Task goal:
Give the records again exactly. Pictures do not belong in the copy.

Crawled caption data
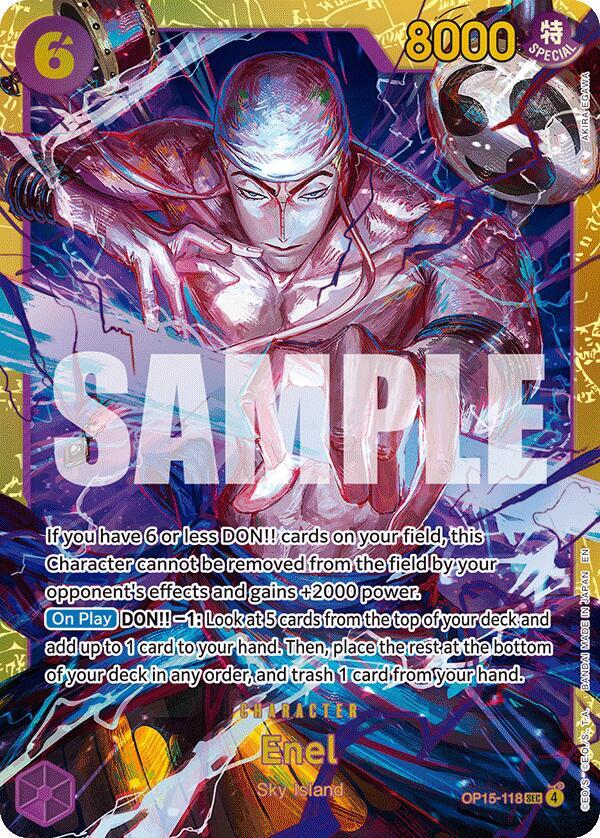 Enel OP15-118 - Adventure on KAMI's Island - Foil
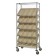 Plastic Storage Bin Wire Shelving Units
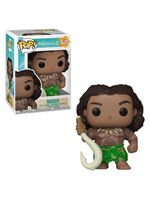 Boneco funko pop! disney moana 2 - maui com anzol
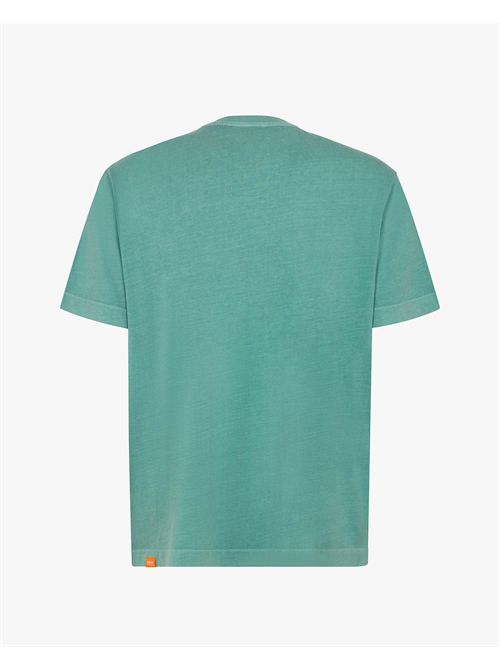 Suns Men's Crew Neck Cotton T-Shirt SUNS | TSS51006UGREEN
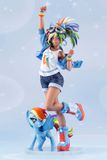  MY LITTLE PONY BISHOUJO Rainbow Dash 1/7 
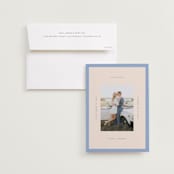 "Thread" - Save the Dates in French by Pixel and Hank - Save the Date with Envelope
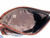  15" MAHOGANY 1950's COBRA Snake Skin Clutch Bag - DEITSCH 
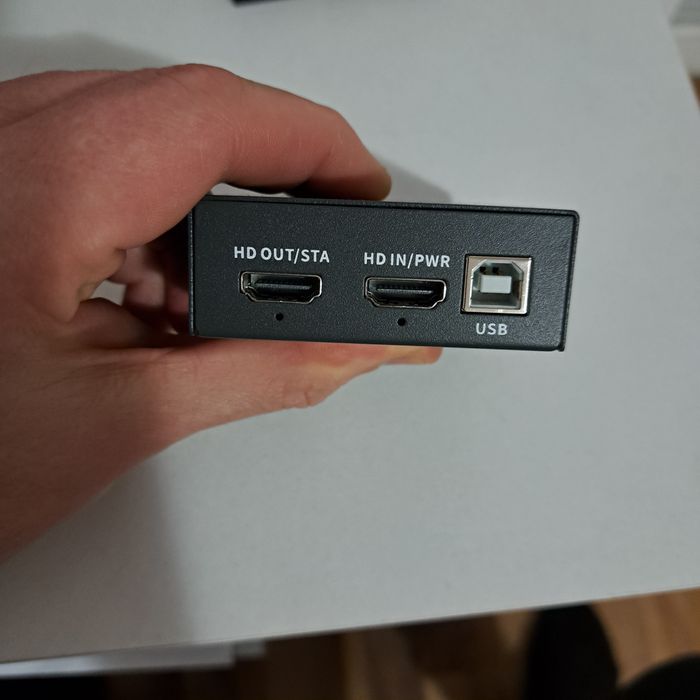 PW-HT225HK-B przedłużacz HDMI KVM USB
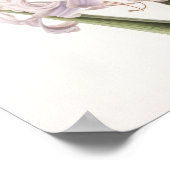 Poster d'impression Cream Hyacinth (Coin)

Output for this exercise:
 Enel OP15-118 - Adventure on KAMI's Island - Foil
 Plastic Storage Bin Wire Shelving Units
 Boneco funko pop! disney moana 2 - maui com anzol
 Suns Men's Crew Neck Cotton T-Shirt SUNS | TSS51006UGREEN
  MY LITTLE PONY BISHOUJO Rainbow Dash 1/7 
 "Thread" - Save the Dates in French by Pixel and Hank - Save the Date with Envelope
  15" MAHOGANY 1950's COBRA Snake Skin Clutch Bag - DEITSCH 
 PW-HT225HK-B przedłużacz HDMI KVM USB
 Poster d'impression Cream Hyacinth (Coin)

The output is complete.